De Blasio Tells Rolling Stone New Yorkers Don't Appreciate Him

De Blasio
New York City Mayor Bill de Blasio speaks to guests during the Whitney Museum of American Art Dedication Ceremony in New York April 30, 2015. REUTERS/Eduardo Munoz

NEW YORK (Reuters) - Mayor Bill de Blasio said New Yorkers don't appreciate his "very special" accomplishments since he took office in January 2014, and criticized the actions of his predecessors and even President Barack Obama, according to a Rolling Stone interview.

De Blasio, who has fulfilled a campaign promise to establish universal pre-Kindergarten education and is pressing forward with other reform programs, was quoted as saying out-of-towners see his administration' more clearly than his own constituents.
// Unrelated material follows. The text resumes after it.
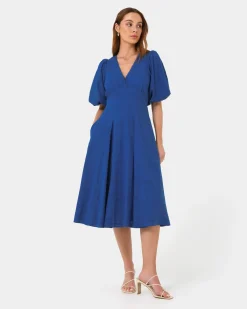Iris Puff Sleeve Midi Dress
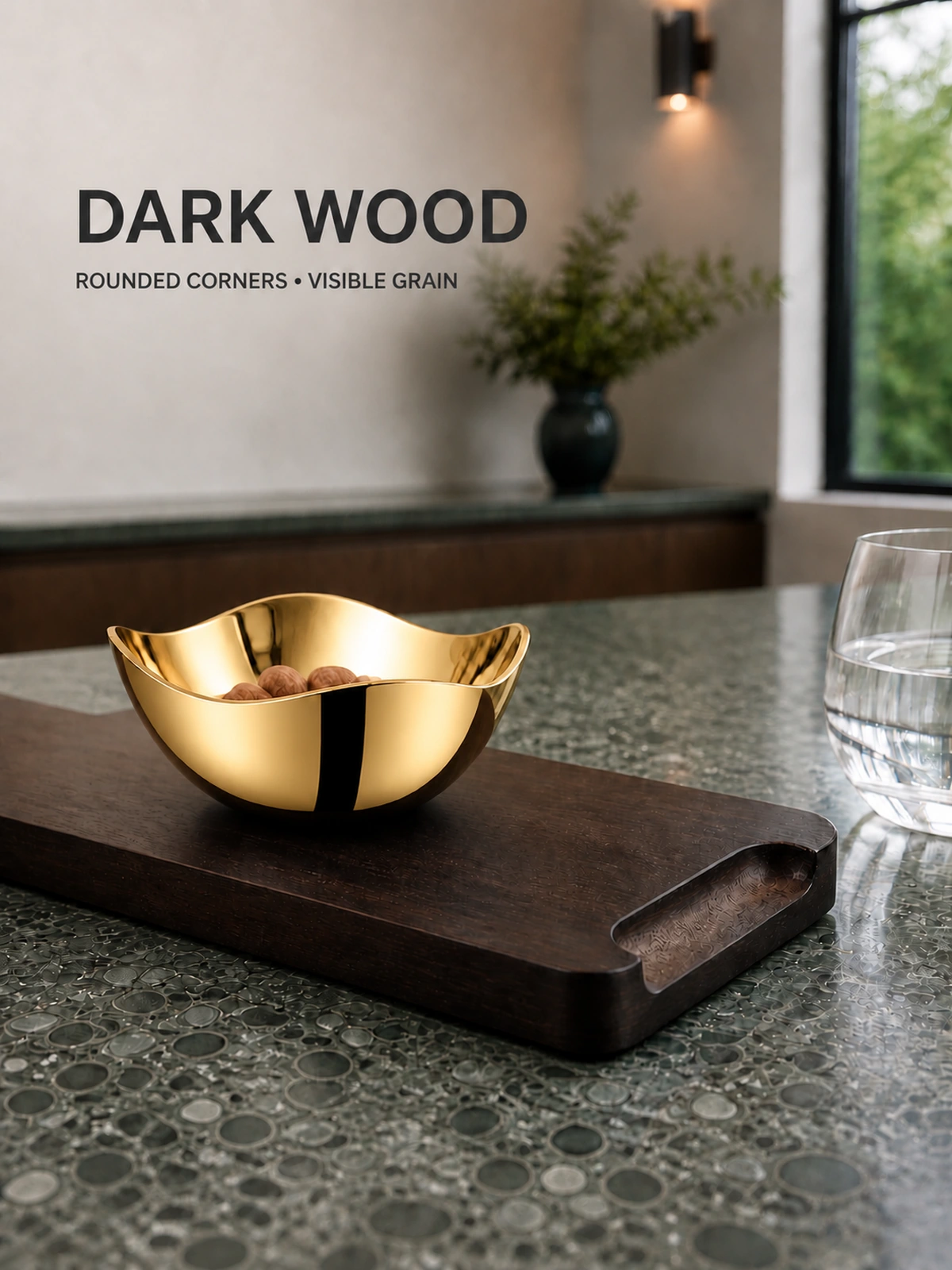 Dark wooden tray with rounded corners and visible grain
"A lot of people outside New York City understand what happened in the first year of New York City better than people in New York City," de Blasio said in the interview, published online on Wednesday. "But I'm convinced something very special happened here."
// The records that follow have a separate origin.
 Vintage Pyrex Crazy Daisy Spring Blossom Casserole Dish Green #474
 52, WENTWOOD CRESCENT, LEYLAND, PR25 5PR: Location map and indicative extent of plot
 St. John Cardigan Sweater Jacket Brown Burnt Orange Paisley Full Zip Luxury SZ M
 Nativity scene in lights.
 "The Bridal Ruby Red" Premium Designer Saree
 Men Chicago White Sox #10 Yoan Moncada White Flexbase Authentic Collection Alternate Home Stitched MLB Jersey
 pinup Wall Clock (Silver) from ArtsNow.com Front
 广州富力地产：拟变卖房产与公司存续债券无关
When asked to comment on the interview, de Blasio's spokesperson Peter Kadushin said on Thursday that New Yorkers care about issues such as universal pre-K, declining crime, bringing the police and community closer together and combating income inequality.

"While big-picture successes can sometimes be overshadowed by short-term headlines, it is these important priorities for New Yorkers that should be the focus," Kadushin said.

In the interview, the liberal Democrat leveled plenty of criticism at other political leaders, including former Mayor Michael Bloomberg, who he said maintained Wall Street friendships at the expense of poorer New Yorkers."I mean, for God's sake, when there was a critical op-ed in The New York Times about Goldman Sachs, he went to Goldman and gave a pep talk to the employees," de Blasio said. "When a struggling school was having troubles in East New York, he didn't go there and give a pep talk."

When it comes to New York City mayors patting themselves on the back, de Blasio said, Rudy Giuliani is legendary.

The mayor said Giuliani unfairly soaked up credit for making the city more livable, even though the crime rate dropped sharply during the former prosecutor's tenure.

"I agree that he was good at selling himself, and a lot of media over-accepted his version of the story," de Blasio told Rolling Stone.

As far as Obama, the mayor gave him qualified credit for the Affordable Care Act. Obamacare, de Blasio said, is "one of the few things in the last decade that has tangibly addressed the income inequality crisis."

Still, the mayor told the magazine, "the progressive economic vision that I adhere to was not front and center in President Obama's vision."